= Sierra Nevada Alliance =

American conservation network

The Sierra Nevada Alliance is a network of conservation groups encompassing 24 watersheds of the 650 kilometer-long Sierra Nevada in California and Nevada. Beginning in 1993, the Alliance protects and restores Sierra Nevada lands, watersheds, wildlife and communities.

==Mission==
The network's mission is to protect and restore Sierra Nevada natural resources for future generations while promoting sustainable communities. The Alliance follows five guidelines: 1) Sustainable natural ecosystems, 2) Strong local economies, 3) Broad-based public involvement and support, 4) Rational water use and 5) A solution to a problem cannot be to transfer the problem some place else. The Alliance plays a unique role in facilitating grassroots conservation groups' and watershed groups' involvement with government agencies, public utilities and local organizations.

==Programs==
Several programs work for regional protection and restoration of ecosystems and economies: Sierra Watersheds Program protecting critical habitats and restoring watershed health, Sierra Water and Climate Change Campaign by participating in local and statewide planning that adapts to climate change, Planning for the Future Campaign ensuring county use plans in Sierra counties adequately protect wild lands, natural communities with human population growth in light of climate change, establishment (2004) and support of the Sierra Nevada Conservancy, a nonregulatory state agency, and the Ski Area Environmental Scorecard, a ski area citizen's coalition encouraging ski areas in the 11 western states to model sustainable environmental policies and practices in light of global and local climate change, and Community Group Support to facilitate communication and uniform best management practices throughout the Sierra Nevada.
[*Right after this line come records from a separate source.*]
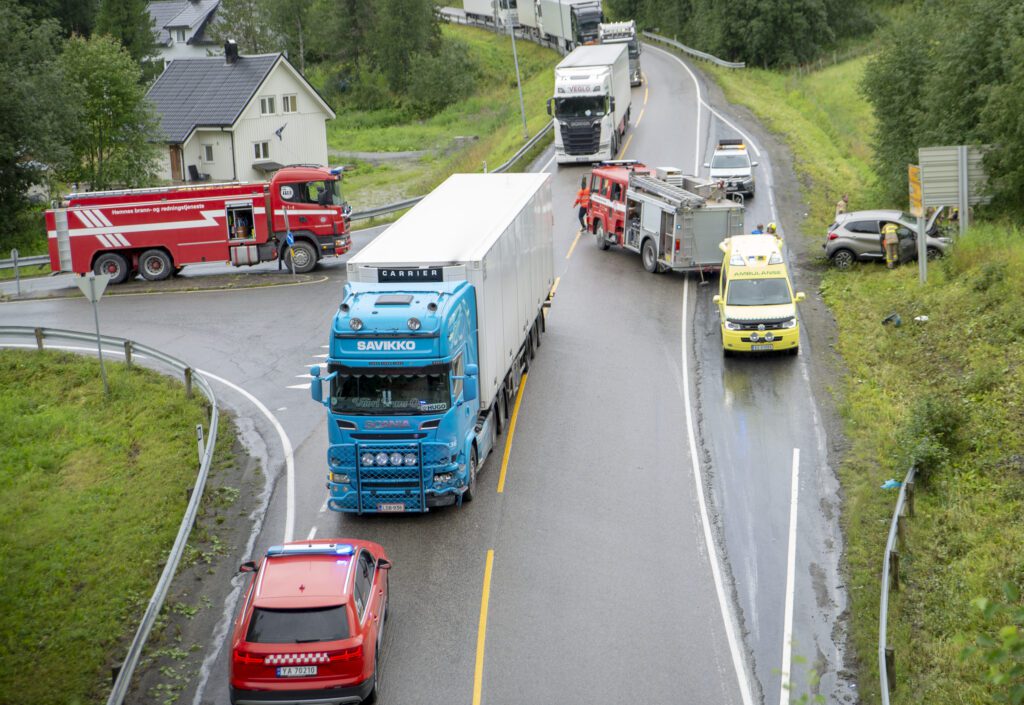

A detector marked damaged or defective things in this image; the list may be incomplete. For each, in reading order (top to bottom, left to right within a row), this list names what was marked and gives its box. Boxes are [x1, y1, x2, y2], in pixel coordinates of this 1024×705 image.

silver crashed suv [823, 209, 950, 270]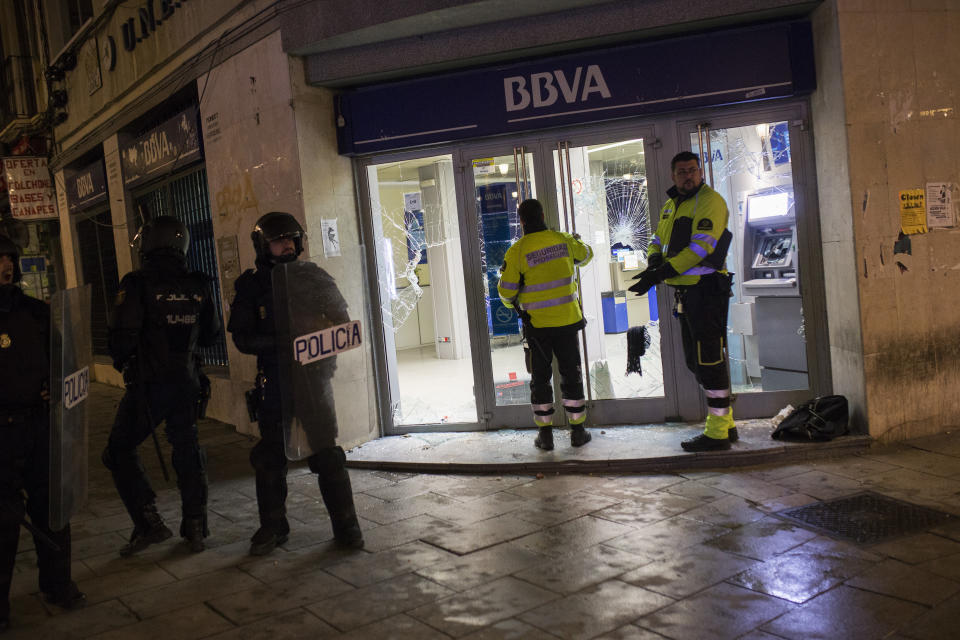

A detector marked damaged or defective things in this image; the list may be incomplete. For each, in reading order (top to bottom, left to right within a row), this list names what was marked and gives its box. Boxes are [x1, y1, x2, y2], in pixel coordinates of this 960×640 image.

shattered glass door [366, 154, 478, 424]
shattered glass door [552, 140, 664, 400]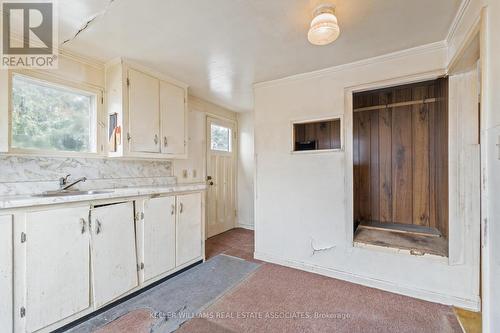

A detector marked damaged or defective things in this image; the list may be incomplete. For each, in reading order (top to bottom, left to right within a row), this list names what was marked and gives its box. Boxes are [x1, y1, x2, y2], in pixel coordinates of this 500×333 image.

ceiling crack [61, 0, 116, 45]
ceiling crack [308, 237, 336, 255]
The organization has partnered with AmeriCorps since 2007 to place volunteers with environmental organizations.

A Conference of 80 or more conservation groups, collaborative watershed groups and land trusts is held annually. The Alliance is governed by a board of directors and the member groups. An Advisory Board of a diverse set of local, regional, statewide and national leaders provides collective wisdom.